I agree this collective misunderstanding / memory hole is one of the biggest problems in our cities and towns. It’s a big part of why we named the organization Strong *Towns*, not Strong Cities or something similar.

The closest word that I think almost works is “historical.” I think everyone kind of realizes that we used to build differently and that they like the old stuff that’s still around. The hard part is, as you point out, so many places self-destructed in the mid century that most examples we have are kind of compromised or scarred versions of the “real thing,” or are a small part of a much bigger city.

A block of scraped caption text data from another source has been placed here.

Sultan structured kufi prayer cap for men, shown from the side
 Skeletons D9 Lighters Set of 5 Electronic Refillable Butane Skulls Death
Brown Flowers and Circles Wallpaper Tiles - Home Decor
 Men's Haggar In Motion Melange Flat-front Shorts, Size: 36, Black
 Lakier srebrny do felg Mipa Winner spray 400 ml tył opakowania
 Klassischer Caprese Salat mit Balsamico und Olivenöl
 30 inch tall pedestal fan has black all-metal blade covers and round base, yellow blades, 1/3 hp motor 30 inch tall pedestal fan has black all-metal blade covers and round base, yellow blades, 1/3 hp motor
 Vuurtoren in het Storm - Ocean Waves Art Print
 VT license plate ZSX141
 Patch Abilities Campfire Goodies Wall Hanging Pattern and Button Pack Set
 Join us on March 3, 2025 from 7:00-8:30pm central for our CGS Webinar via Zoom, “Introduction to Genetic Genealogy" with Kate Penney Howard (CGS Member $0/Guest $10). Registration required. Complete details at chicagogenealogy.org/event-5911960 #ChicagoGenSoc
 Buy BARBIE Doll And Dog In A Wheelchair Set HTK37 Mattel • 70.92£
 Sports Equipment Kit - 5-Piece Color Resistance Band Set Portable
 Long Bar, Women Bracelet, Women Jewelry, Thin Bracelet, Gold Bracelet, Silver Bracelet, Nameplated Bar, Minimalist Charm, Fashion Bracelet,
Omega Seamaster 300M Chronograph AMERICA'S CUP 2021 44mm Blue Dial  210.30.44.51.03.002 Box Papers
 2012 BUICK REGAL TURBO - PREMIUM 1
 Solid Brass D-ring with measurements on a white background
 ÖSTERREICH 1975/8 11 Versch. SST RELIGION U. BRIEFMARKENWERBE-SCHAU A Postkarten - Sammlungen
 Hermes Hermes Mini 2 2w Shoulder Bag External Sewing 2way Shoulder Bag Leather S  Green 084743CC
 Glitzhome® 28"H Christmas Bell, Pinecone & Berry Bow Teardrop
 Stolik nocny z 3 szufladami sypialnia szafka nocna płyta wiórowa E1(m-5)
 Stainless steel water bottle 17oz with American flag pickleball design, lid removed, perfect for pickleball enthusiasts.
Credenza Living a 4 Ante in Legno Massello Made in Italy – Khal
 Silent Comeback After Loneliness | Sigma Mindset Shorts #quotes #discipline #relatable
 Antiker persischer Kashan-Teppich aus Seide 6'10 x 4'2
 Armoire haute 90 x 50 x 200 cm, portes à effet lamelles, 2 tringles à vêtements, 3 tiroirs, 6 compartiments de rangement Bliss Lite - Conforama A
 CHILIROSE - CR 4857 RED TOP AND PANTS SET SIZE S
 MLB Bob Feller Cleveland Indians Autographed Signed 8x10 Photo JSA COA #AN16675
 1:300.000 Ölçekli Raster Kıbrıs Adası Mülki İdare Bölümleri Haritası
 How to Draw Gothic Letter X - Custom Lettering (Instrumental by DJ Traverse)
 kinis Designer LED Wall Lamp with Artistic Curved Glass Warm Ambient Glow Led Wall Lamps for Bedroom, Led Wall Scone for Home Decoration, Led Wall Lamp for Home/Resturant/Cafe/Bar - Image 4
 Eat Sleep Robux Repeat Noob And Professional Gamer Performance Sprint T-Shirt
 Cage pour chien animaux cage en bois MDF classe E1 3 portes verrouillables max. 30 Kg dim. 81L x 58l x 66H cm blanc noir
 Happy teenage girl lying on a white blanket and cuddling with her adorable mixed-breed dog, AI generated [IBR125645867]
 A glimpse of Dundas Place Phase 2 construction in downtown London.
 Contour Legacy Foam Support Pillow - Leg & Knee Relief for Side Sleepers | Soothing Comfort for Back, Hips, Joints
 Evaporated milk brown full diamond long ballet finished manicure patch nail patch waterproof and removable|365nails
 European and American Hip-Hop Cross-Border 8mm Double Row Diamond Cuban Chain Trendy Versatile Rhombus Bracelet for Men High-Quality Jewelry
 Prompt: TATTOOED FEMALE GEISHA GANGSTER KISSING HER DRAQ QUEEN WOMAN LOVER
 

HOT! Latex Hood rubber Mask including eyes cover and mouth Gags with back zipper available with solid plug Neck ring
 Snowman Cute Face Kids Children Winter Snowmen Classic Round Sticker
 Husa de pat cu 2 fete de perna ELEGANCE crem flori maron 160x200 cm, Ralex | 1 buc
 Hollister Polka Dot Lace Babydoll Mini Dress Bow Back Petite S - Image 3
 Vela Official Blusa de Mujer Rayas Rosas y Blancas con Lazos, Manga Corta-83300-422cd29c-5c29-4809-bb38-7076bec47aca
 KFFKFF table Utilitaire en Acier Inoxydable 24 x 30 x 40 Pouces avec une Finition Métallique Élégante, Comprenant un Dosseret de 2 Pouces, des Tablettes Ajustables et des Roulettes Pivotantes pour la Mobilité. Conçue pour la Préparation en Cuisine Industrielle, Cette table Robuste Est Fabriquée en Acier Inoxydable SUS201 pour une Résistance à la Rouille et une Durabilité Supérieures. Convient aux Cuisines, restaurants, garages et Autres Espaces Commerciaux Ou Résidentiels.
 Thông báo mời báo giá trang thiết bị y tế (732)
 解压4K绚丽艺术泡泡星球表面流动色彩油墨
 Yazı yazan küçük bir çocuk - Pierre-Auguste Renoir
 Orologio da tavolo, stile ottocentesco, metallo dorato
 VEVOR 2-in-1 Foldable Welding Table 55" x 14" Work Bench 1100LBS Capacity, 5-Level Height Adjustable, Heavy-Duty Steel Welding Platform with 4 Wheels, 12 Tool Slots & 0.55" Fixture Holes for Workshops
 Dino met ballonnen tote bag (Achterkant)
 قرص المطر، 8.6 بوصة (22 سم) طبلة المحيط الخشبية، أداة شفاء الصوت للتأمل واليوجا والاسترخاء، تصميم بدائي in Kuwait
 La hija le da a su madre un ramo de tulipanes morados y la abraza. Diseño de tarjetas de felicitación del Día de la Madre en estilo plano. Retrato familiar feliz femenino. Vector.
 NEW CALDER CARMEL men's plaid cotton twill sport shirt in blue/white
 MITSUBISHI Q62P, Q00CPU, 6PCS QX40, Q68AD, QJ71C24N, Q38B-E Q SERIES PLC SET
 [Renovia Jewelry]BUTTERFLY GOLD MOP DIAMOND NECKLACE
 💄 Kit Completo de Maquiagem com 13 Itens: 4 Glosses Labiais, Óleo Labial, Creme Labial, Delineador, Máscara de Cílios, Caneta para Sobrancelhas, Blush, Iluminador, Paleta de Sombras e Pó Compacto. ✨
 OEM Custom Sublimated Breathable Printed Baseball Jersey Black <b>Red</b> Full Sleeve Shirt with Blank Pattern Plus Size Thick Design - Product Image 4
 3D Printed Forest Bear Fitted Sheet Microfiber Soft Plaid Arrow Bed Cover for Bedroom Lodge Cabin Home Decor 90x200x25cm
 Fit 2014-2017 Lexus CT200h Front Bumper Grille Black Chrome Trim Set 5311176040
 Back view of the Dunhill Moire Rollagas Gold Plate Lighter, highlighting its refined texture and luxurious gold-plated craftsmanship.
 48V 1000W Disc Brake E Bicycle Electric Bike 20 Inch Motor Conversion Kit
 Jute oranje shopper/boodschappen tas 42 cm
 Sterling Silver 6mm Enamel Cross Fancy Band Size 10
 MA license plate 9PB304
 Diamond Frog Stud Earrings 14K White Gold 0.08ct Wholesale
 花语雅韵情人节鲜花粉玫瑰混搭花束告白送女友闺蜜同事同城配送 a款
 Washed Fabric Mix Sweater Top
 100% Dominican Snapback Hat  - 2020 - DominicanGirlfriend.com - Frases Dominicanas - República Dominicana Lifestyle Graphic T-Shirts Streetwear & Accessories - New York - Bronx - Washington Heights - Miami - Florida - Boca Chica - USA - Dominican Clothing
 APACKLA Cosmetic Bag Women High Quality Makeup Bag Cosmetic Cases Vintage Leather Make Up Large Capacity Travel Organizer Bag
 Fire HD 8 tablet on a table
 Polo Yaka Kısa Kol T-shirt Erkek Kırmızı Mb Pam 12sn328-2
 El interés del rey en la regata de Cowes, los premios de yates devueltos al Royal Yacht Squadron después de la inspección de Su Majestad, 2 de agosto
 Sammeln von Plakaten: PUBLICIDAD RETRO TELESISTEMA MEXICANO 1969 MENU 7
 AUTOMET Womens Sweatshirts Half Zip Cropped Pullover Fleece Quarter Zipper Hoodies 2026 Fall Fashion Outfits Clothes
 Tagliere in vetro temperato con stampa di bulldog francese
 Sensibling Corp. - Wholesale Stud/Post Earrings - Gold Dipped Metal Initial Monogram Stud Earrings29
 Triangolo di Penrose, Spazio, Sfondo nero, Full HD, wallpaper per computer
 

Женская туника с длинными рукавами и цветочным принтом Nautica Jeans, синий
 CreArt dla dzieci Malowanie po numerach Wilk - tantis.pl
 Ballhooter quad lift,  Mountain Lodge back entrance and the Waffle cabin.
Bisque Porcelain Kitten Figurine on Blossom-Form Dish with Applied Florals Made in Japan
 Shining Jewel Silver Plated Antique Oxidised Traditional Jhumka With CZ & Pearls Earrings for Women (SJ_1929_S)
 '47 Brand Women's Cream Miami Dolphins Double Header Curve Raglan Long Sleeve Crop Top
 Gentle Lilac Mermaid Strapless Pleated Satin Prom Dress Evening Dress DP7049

But the even more important point you make is our lost dynamism. The idea that most towns in 1900 saw themselves as naturally growing into the next Chicago — and that was a good thing — is really hard to relate to today. But of course this is the problem with the suburban pattern. In the historic pattern more people made everything better — it scaled up continuously and gracefully. In the suburban pattern more people means more traffic and less remaining nature but almost no additional amenities.

Hector Arbuckle's avatar

When my friends from Iowa ask me to describe what DC is like, I say: "It's like Main Street but copy-pasted ten thousand times." If you took the main street of any Iowan town and copy-pasted it ten thousand times, you'd get a big city.

I also think that people living in big metro areas have a different idea of what "small town" means versus people who live in the "hinterland". Here in DC, it seems people's imagery of a small town is more like a vacation town, like Shepherdstown, WV; in Iowa, a small town is a working-class settlement far from large metro areas. Your article actually seemed to touch on the former perception when you wrote:

"[I]t once had a glass factory; it even once had a foundry, just a couple of blocks off its downtown, staffed in part by European immigrant workers who lived in inexpensive homes nearby and walked to work. These are simply not things that happen in “small towns,” as we conceive of them today."

These are *precisely* the things that happen *today* in small towns in Iowa, like Marshalltown and Storm Lake. Immigrants from Latin America and Southeast Asia live in inexpensive homes near meatpacking plants and walk to work. One of my friends lives with his parents in a town of 1,500 people and walks to work at *his* local meatpacking plant.